Padding’s added to make sure each struct field lines up properly in memory based on its needs, like we saw earlier. But while it enables efficient access, padding can also waste space if the fields ain’t ordered well.
Understanding how to properly align struct fields to minimize memory waste due to padding is important for efficient memory usage, especially in performance-critical applications.

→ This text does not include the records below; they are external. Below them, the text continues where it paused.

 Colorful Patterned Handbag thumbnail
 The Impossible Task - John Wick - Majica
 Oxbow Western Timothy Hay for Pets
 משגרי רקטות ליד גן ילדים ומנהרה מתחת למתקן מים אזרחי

Below, I will provide an example with a poorly aligned structure and then show an optimized version of the same structure.

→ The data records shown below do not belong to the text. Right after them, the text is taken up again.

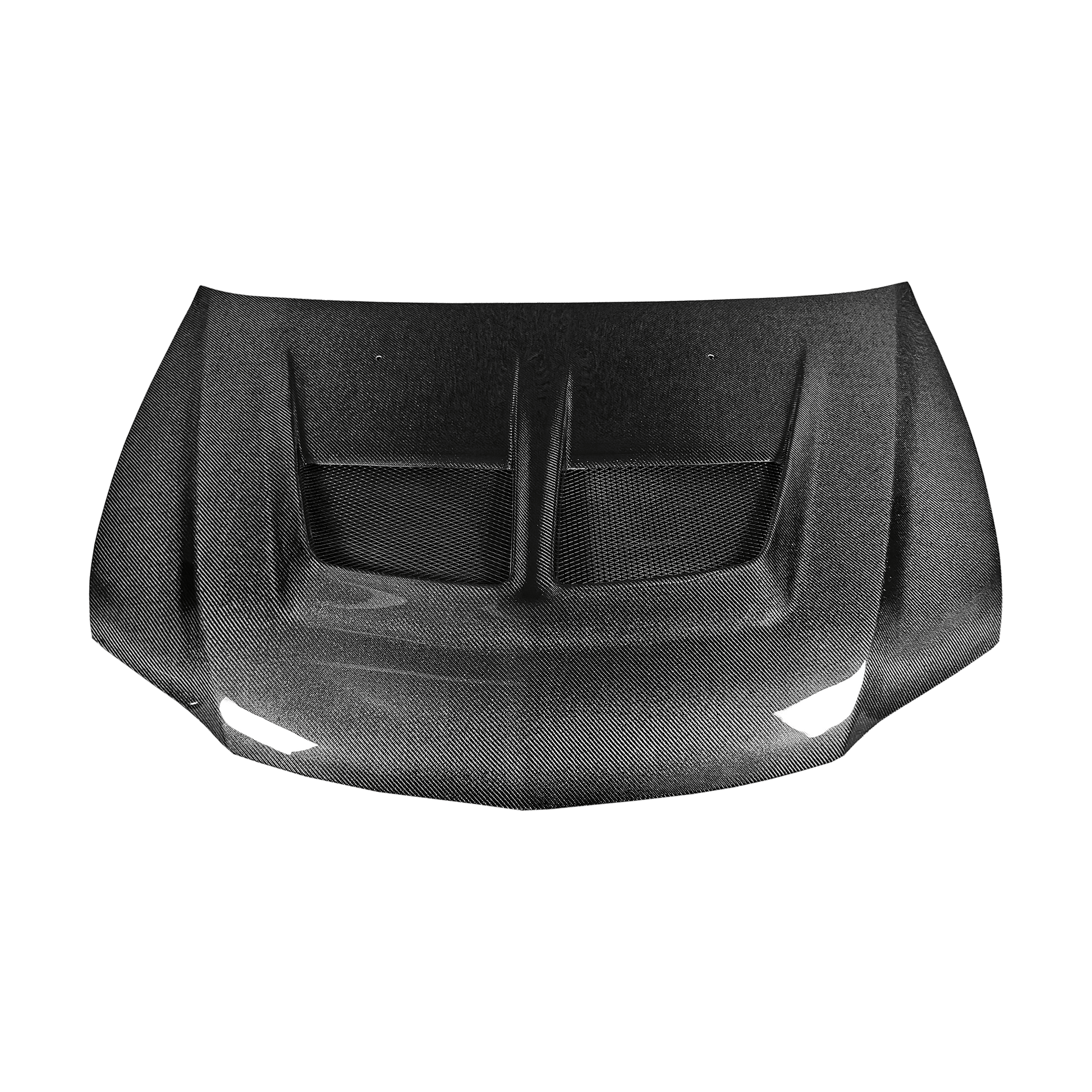 Mitsubishi Evolution EVO 7 8 9  Double Carbon VAS Vented Hood Bonnet Kazento Carbon Parts Bonnets/Hoods Carbon Fiber (Double Side Carbon) EVO789-HOOD-VAS-2CF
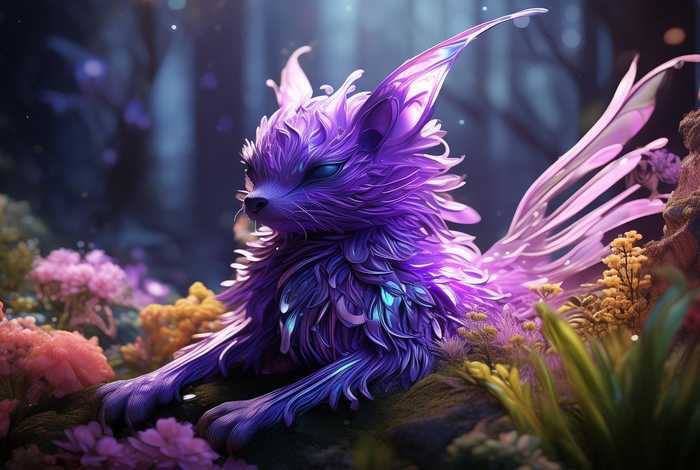 宠物王国紫 - 宠物王国紫稀有宠物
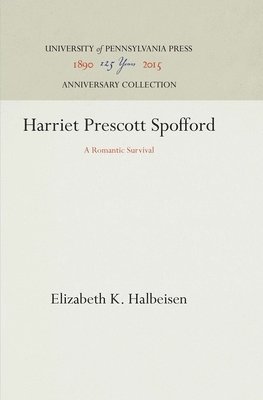 Harriet Prescott Spofford 1
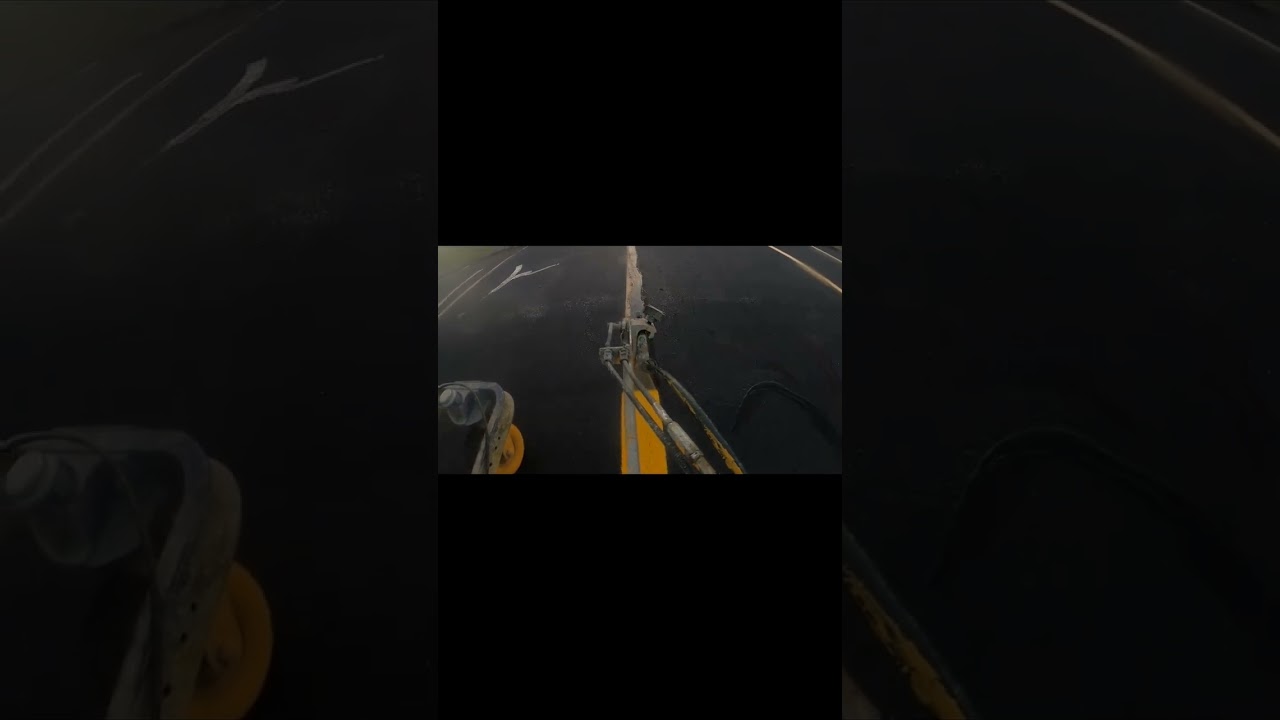 POV line striping . settle down , you see POV and get all excited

In a poorly aligned struct, fields are ordered without considering their sizes and alignment requirements, which can lead to added padding and increased memory usage:
// Badly aligned structure
type Person struct {
Active bool // 1 byte + 7 bytes padding
Salary float64 // 8 bytes
Age int32 // 4 bytes + 4 bytes padding
Nickname string // 16 bytes (string is typically 16 bytes on a 64-bit system)
}
The total memory could hence be 1 (bool
) + 7 (padding) + 8 (float64
) + 4 (int32
) + 4 (padding
) + 16 (string
) = 40 bytes.
An optimized structure arranges fields from largest to smallest size, significantly reducing or eliminating the need for additional padding:
// Well-aligned structure
type Person struct {
Salary float64 // 8 bytes
Nickname string // 16 bytes
Age int32 // 4 bytes
Active bool // 1 byte + 3 bytes padding
}
The total memory would then neatly comprise 8 (float64
) + 16 (string
) + 4 (int32
) + 1 (bool
) + 3 (padding
) = 32 bytes.
Let's proof the above:
package main
import (
"fmt"
"unsafe"
)
type PoorlyAlignedPerson struct {
Active bool
Salary float64
Age int32
Nickname string
}
type WellAlignedPerson struct {
Salary float64
Nickname string
Age int32
Active bool
}
func main() {
poorlyAligned := PoorlyAlignedPerson{}
wellAligned := WellAlignedPerson{}
fmt.Printf("Size of PoorlyAlignedPerson: %d bytes\n", unsafe.Sizeof(poorlyAligned))
fmt.Printf("Size of WellAlignedPerson: %d bytes\n", unsafe.Sizeof(wellAligned))
}
Output
Size of PoorlyAlignedPerson: 40 bytes
Size of WellAlignedPerson: 32 bytes
Reducing the structure size from 40 bytes to 32 bytes means a 20% reduction in memory usage per instance of Person. This can lead to considerable savings in applications where many such instances are created or stored, improving cache efficiency and potentially reducing the number of cache misses.
Conclusion
Data alignment is a pivotal factor in optimizing memory utilization and enhancing system performance. By arranging struct data correctly, memory usage becomes not only more efficient but also faster in terms of CPU read times, contributing significantly to overall system efficiency.